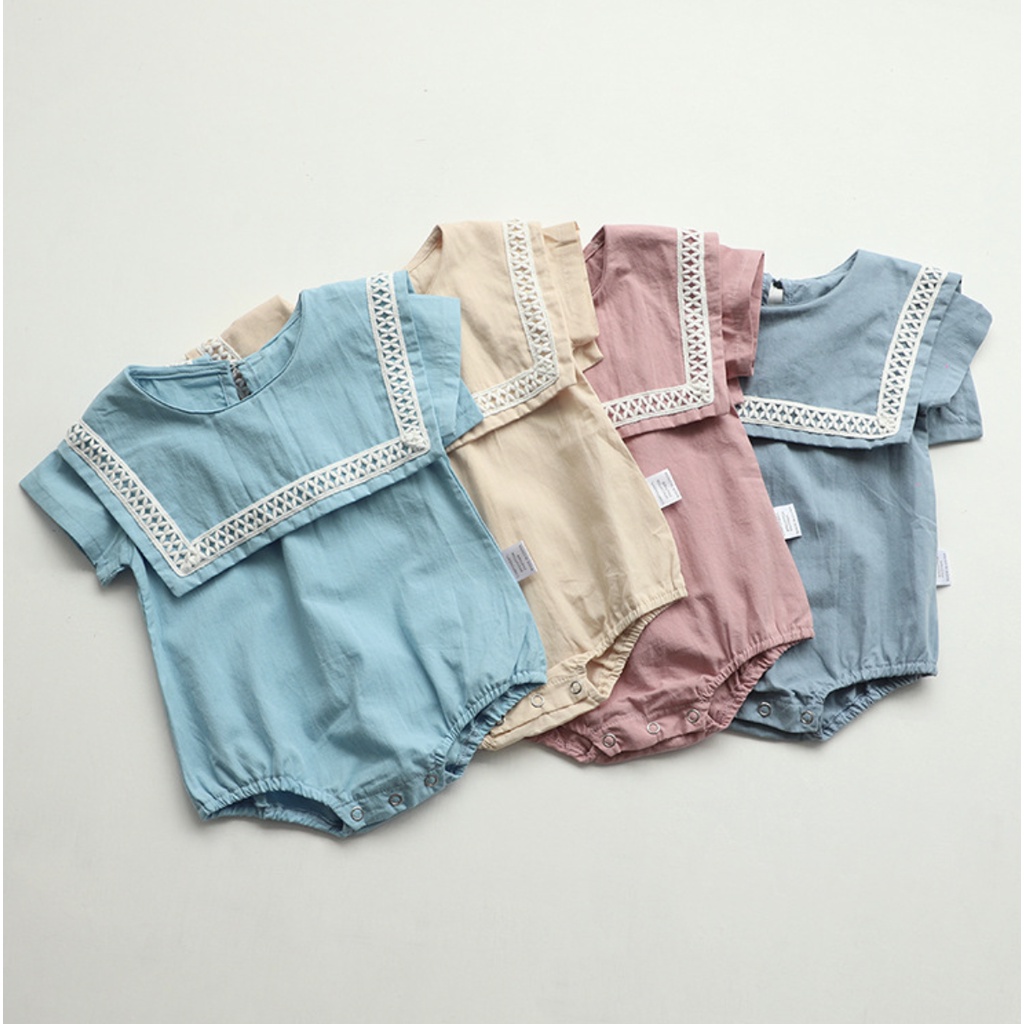 Bodysuit Màu Trơn Kèm nón Cho Bé 0-2 Tuổi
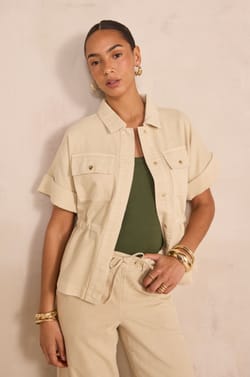 Short sleeve cotton jacket VITA;${refinementColor}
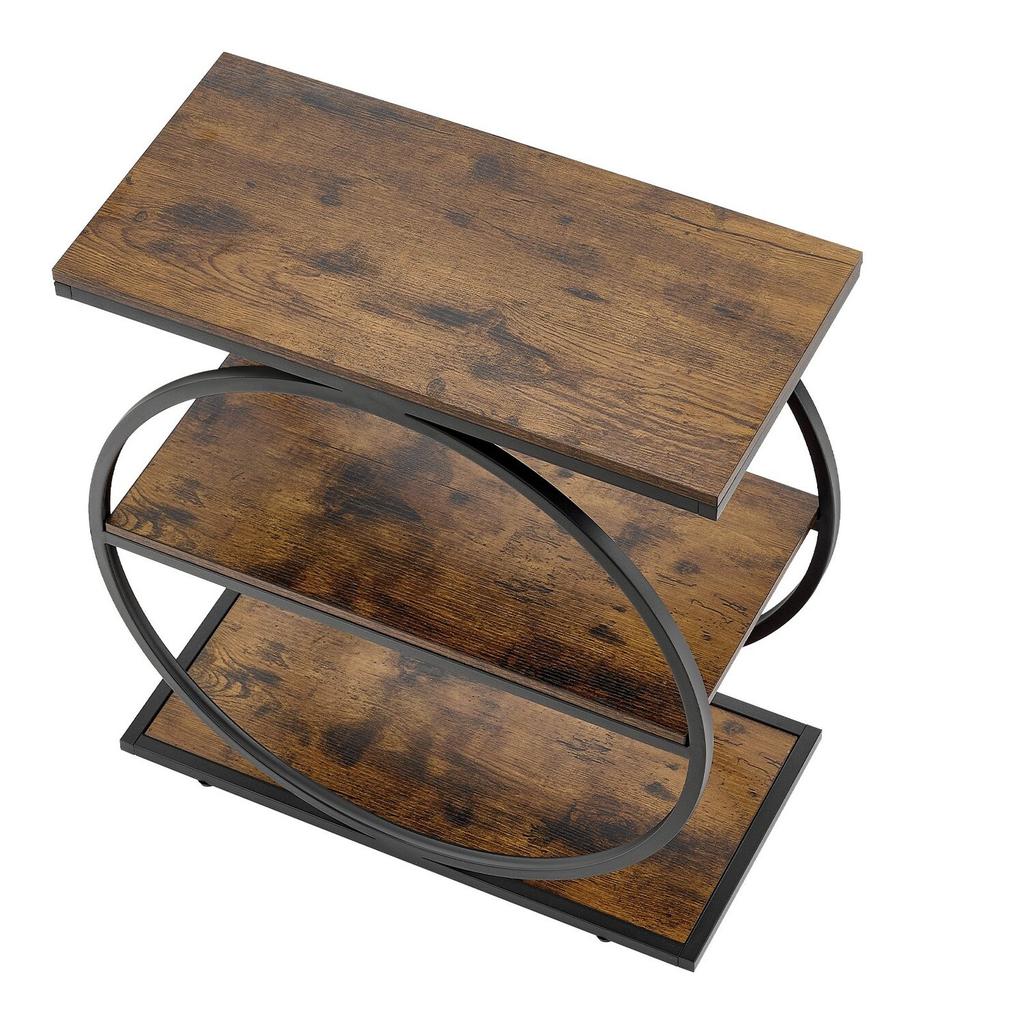 End Table, 3-Tier Narrow Side Table with Open Storage Shelves, Modern Nightstand Bedside Desk with Round Metal Frame, Wood Sofa Coffee Desk for Living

**WHAT TO WORK ON**
Only the lines from the one with "Short sleeve cotton" through the end of the listing should be transcribed, exactly and without pictures.

**TASK OUTPUT**
 Short sleeve cotton jacket VITA;${refinementColor}
 End Table, 3-Tier Narrow Side Table with Open Storage Shelves, Modern Nightstand Bedside Desk with Round Metal Frame, Wood Sofa Coffee Desk for Living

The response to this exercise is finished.